Whatever else observant dress says to the world, it says (loud and clear) “We are not like you.” To many, it says no more than that.

And this is where I have come to feel troubled by it.

The nub of the incarnation is the setting aside of what separated divinity from humanity, Jesus coming to live among us as one of us. What did Jesus look like? He looked like us. In similar wise the garb of the early Franciscans/Amish etc was a conscious adoption of the dress of the hoi-polloi – which at least has a clear correspondence to the mission of Jesus coming among us as one of us.

St Francis, for example, stripped naked and left the elegant, fashionable and expensive clothes, in which he had always delighted, at the feet of his father (a well-to-do cloth merchant). He laid aside the apparel of wealth and privilege, choosing instead to wear the garb of a beggar.  I can see the connection between that and what Jesus did.

I love the monastic habit, I love Plain dress – it thrills my soul, observant dress is beautiful to me. But if I’m absolutely honest I have to admit it seems to be doing the opposite of what those it is intended to look like were originally doing.  Not coming into the midst of the people as one of them, but coming out of the midst of the people to become 'one of us' – a separated group, holy unto the Lord.

A key component of my own life purpose is the calling to simplicity. For a while, I wore Plain dress, and I tried to convince myself it expressed simplicity. Honestly, it didn’t. It had to be specially sourced (or made at home, which is fine but expensive - regular clothes on eBay are a darned sight cheaper), everything had to be ironed, for modesty skirts and dresses needed petticoats and the right kind of underpants (bloomers). There were the kapps and the hairpins etc, then shawls or kerchiefs and some sort of solution to wearing long cotton dresses in cold, wet, foggy England. And aprons – several of.  Many Plain women feel it immodest and proud to venture out without an apron. My Plain wardrobe needed a good-sized clothes rail and a couple of drawers at least.

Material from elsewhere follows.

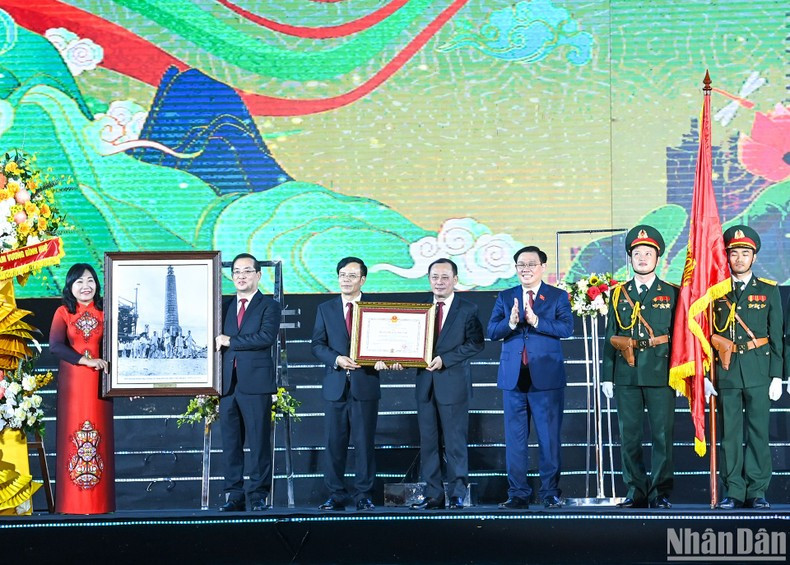 El presidente de la Asamblea Nacional de Vietnam, Vuong Dinh Hue, impone la Orden de la Independencia de la segunda clase a la ciudad de Vinh. El presidente de la Asamblea Nacional de Vietnam, Vuong Dinh Hue, impone la Orden de la Independencia de la segunda clase a la ciudad de Vinh.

I just have to travel light – it feels urgent in my soul to do that. Watching and listening to regular modern people, I discover that jeans can take you anywhere (well – except the Ritz, but hey). Jeans to church, jeans to a party, jeans on the beach, jeans to dig the garden. Skinny jeans can dress up or dress down, and fold up small in a drawer. Three pairs of skinny jeans and you’re good to go.

I am familiar with the argument that all trousers are men’s garb and verboten for women. As I have huge feet, hands and head, and am tall and broad-shouldered, I’ve actually worn men’s clothes and shoes much of my life – even dressing Plain, I had to wear men’s shoes and gloves. And women’s jeans don’t look like men’s, so wearing women's jeans is not wearing the garb of a man. Besides which, personally this gender divide does not hold much power in my heart. There is no witness with my spirit that it is important. I respect it is important to others – just not to me.

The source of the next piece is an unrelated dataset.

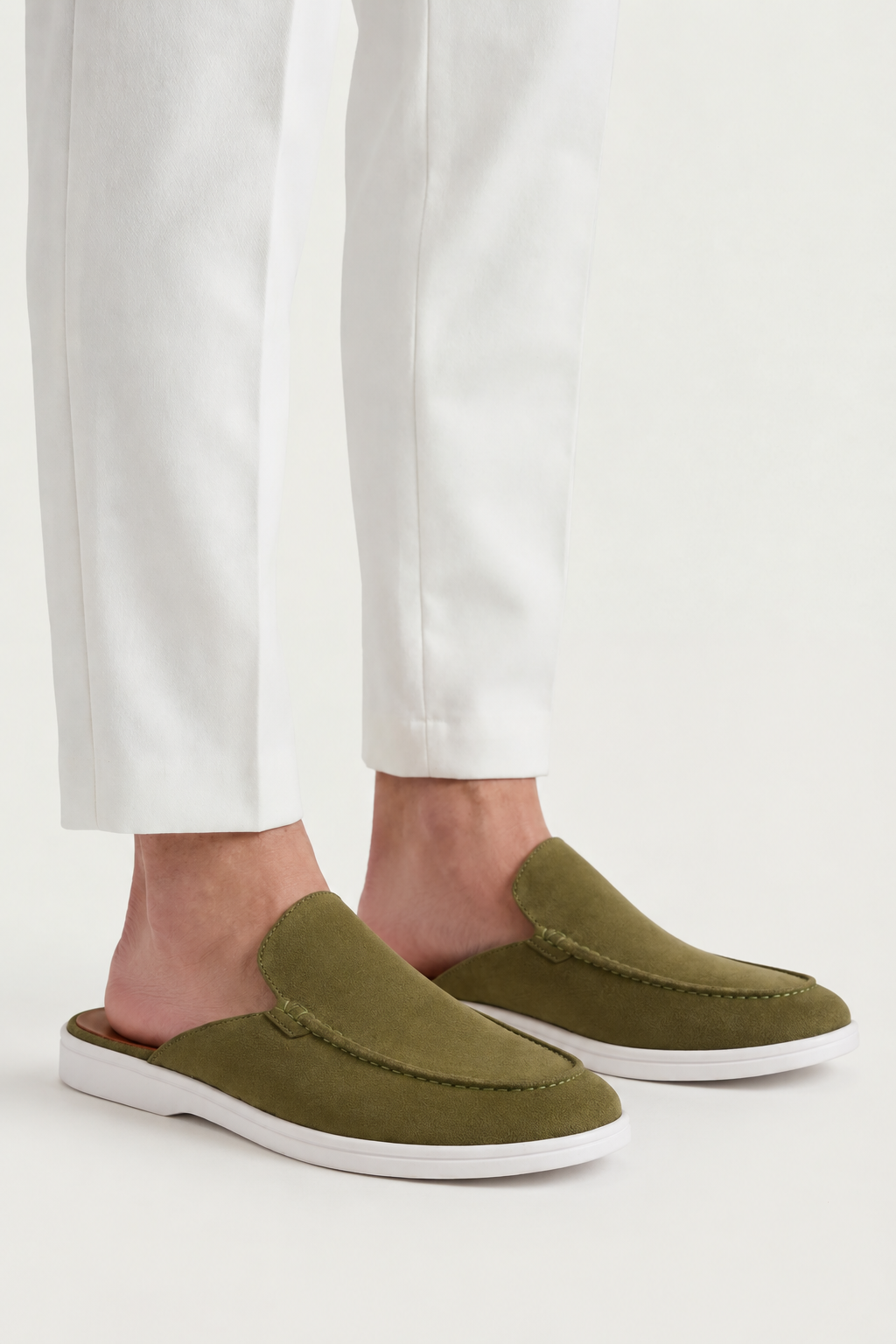 Slipper "Ancestral Suede Mule" in Salbeigrün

And I’m familiar with the opinion that jeans are immodest because they make a woman’s figure apparent. But I think if you come across an Amish woman on a windy day, you’ll find you can see clearly delineated her legs, her breasts, if that’s what you’re looking for. Besides, to me this is not what modesty is really about. Some tribes of the world stroll about stark naked and it doesn’t mean they aren’t modest or would be morally improved in flowing dresses with high necklines. It’s a cultural thing. So, I like to wear clothes which decently cover me, in sturdy fabrics, not have my flesh on display; and that feels modest enough, to me.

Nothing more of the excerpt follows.